Dana A., age 39, went to a Philadelphia Planned Parenthood in February of 2003 to have her contraceptive implant rods removed by Dr. Joel Lebed. According to her lawsuit, Lebed was "inexperienced" in removing the rods, and made several painful attempts to do the procedure. He "gave up after a lot of pain and tears," said Dana's attorney, and another PP doctor, Janet Wilson, finished the job.

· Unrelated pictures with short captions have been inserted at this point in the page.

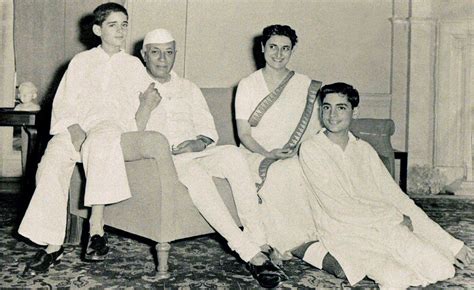 Rajiv Gandhi Birth Anniversary Rare Photos And Intriguing Facts About
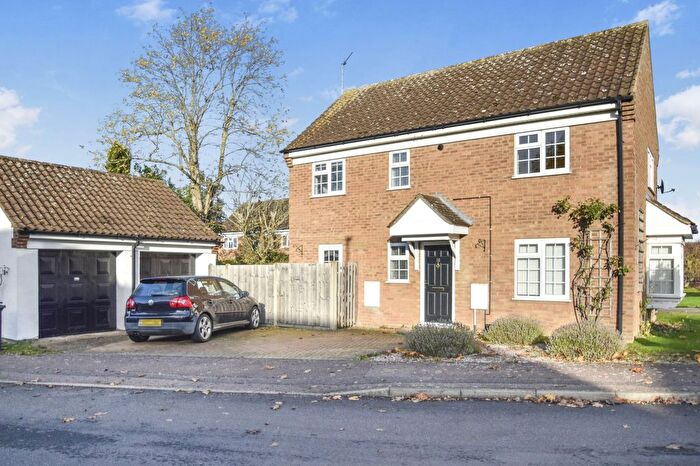 4 Bedroom Detached House For Sale In Crowhill, Godmanchester, PE29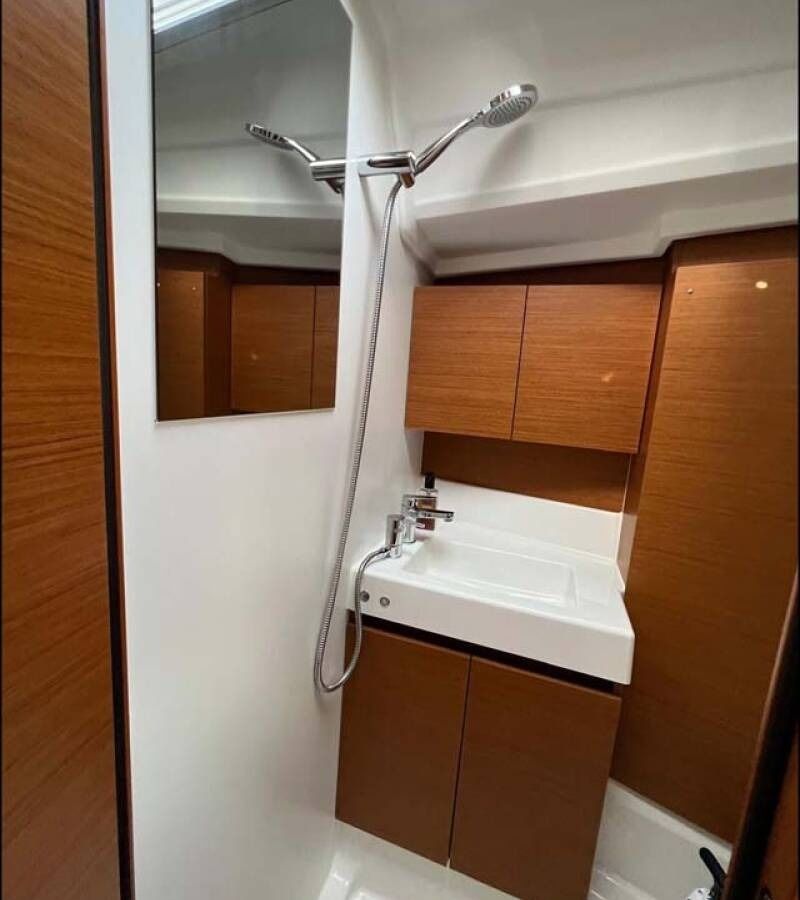 Jeanneau Sun Odyssey 380 | Golden Eye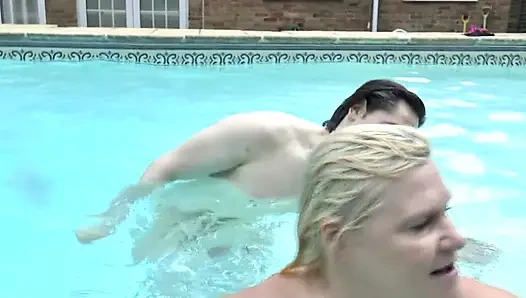 Fuck with Busty Hot Woman in Swimming Pool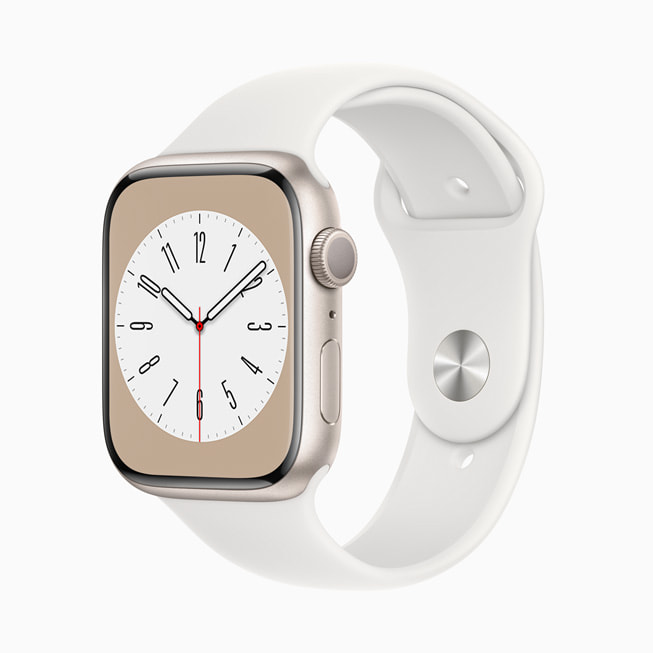 Apple Watch Series 8 以特定角度顯示於圖中。
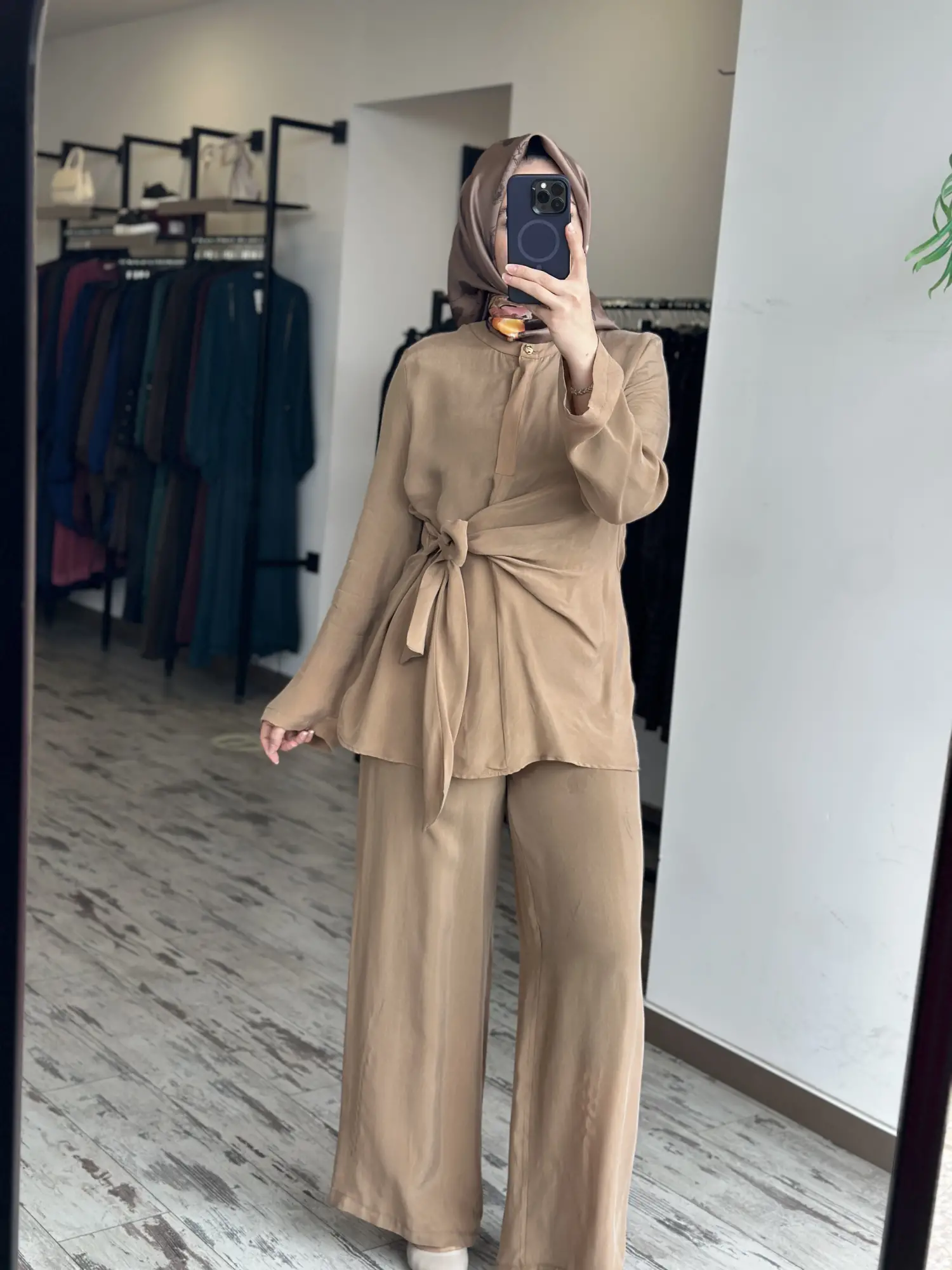 Clande Beli Bağlama Detaylı Patlı Cupra İpek Tunik Pantolon Takım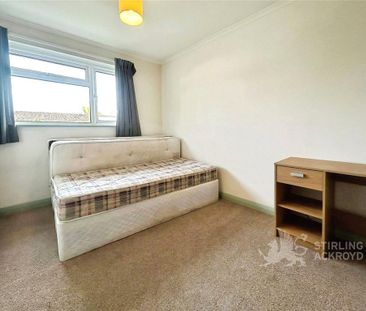 4 bedroom end of terrace house to rent - Photo 3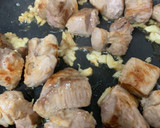 Foto del paso 1 de la receta: Cerdo al ajillo!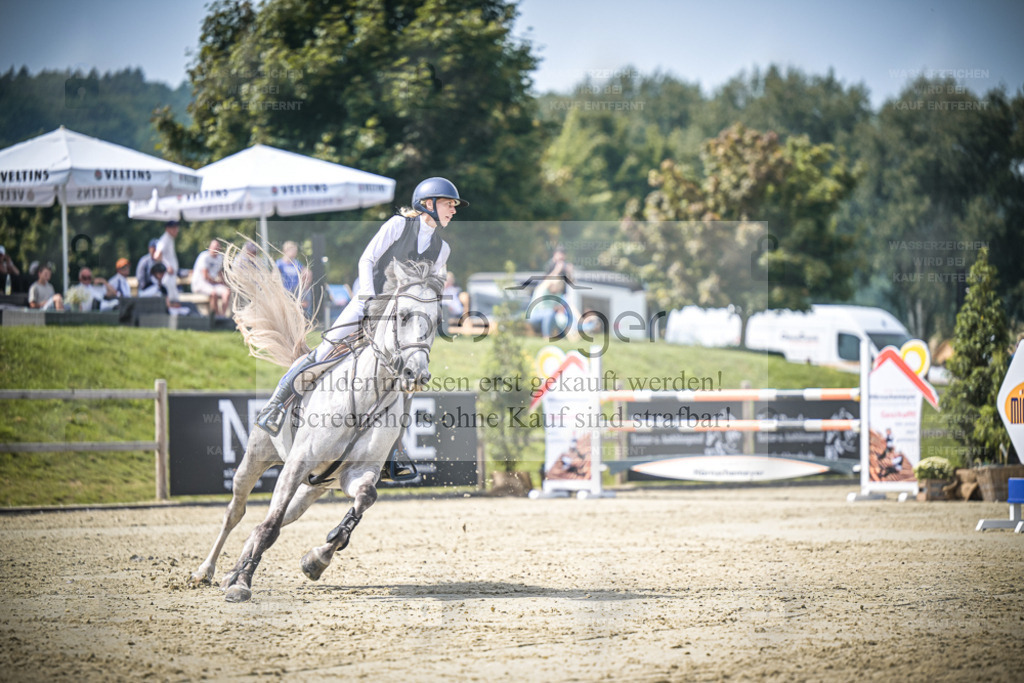 DOS_0221 | Entdecke hochwertige Reitturnierfotos von Foto Oger. Professionell, emotional und authentisch – jetzt Lieblingsmomente im Shop bestellen. - Realisiert mit Pictrs.com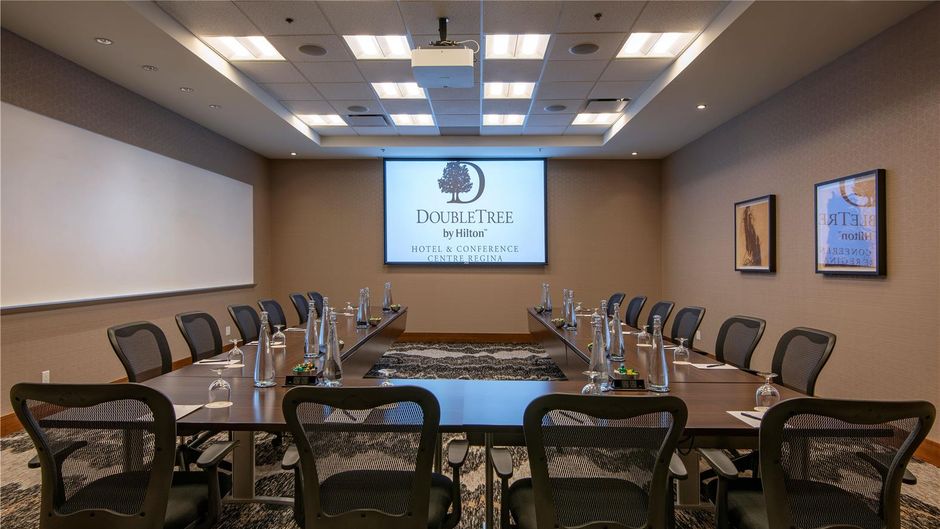 DoubleTree by Hilton Hotel & Conf Ctr Meeting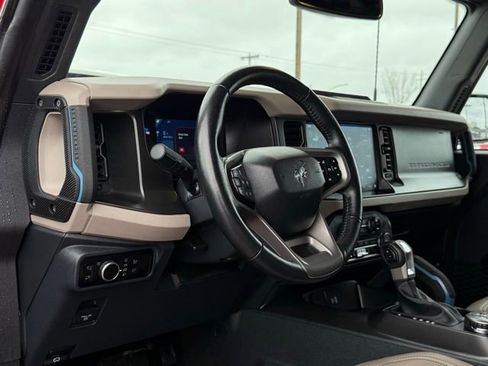 Used 2023 Ford Bronco Wildtrak image 15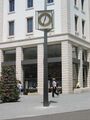 Uhr der Firma Perrot auf dem Leopoldplatz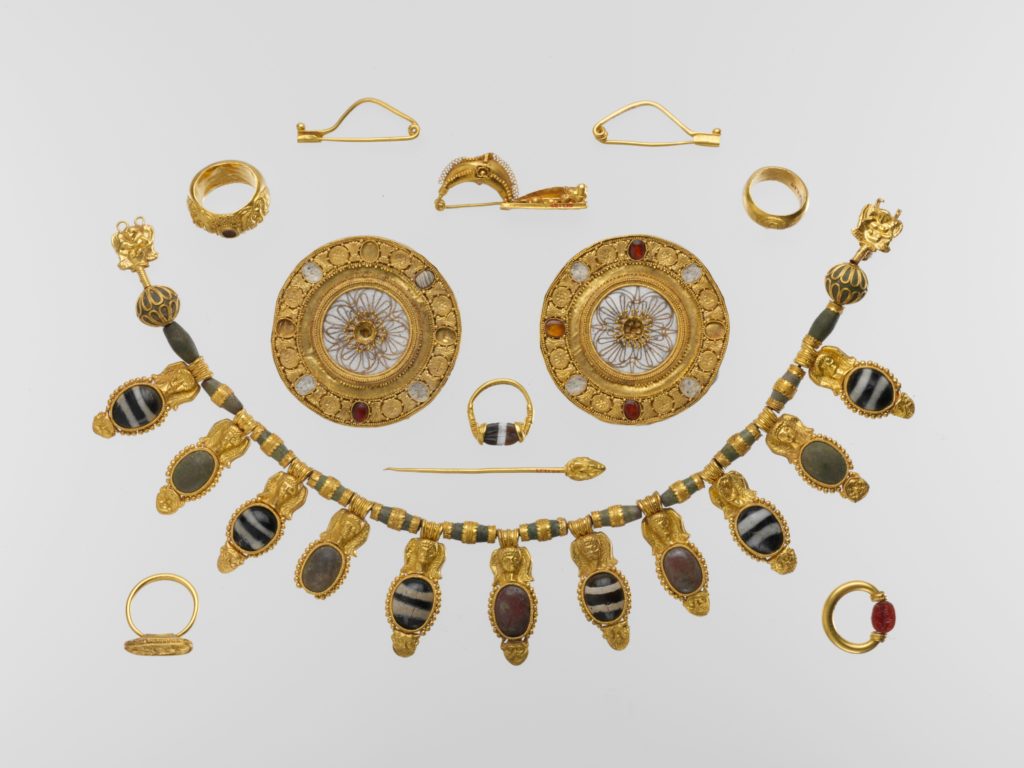 Entruscan gold jewelry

The removal left Dana debilitated by pain which began in her arm and spread to the entire left side of her body. She was diagnosed with complex regional pain syndrome (RPS), a chronic pain condition. Surgery to attempt to correct the problem turned out to have been unnecessary and only made Dana's condition worse.
An article in the July, 2006 issue of the American Journal of Obstetrics and Gynecology, titled "Nerve injury caused by removal of an implantable hormonal contraceptive" warns of the risk of nerve damage:
Implanon (a brand of contraceptive implant rods) insertion and removal are relatively uncomplicated procedures in the hands of medical professionals familiar with the technique. However, injury to branches of the medial antebrachial cutaneous nerve during Implanon insertion and removal can result in impaired sensibility, severe localized pain, or the formation of painful neuroma that can be quite devastating to the patient.
In the event that an injury to the nerve is recognized, immediate plastic surgical measures should be undertaken to avoid displeasing sequels of nerve injuries. Therefore, the benefit of this generally well-tolerated, highly effective, and relatively cost-efficient contraception is guaranteed only in the hands of medical professionals familiar with the technique.
I know of one other lawsuit against Lebed. Colista G., age 38, of Philadelphia, alleged that she had gone to Lebed complaining of minor spotting and a late menses, and told Lebed she suspected pregnancy. Lebed did not conduct a pregnancy test. He conducted a pelvic examination, and told Colista she was not pregnant, but had benign polyps in her uterus. Lebed performed a uterine scraping to remove the polyps. It turned out that Colista had indeed been pregnant, and the procedure Lebed performed killed her fetus. Since benign polyps are not an emergency situation, Lebed was negligent in not ascertaining whether or not she Colista pregnant before proceeding. (Jury Verdict Review)
Dana fared better in her contraceptive removal than Michelle J., who died at the hands of Tommy Tucker from complications of a Norplant removal.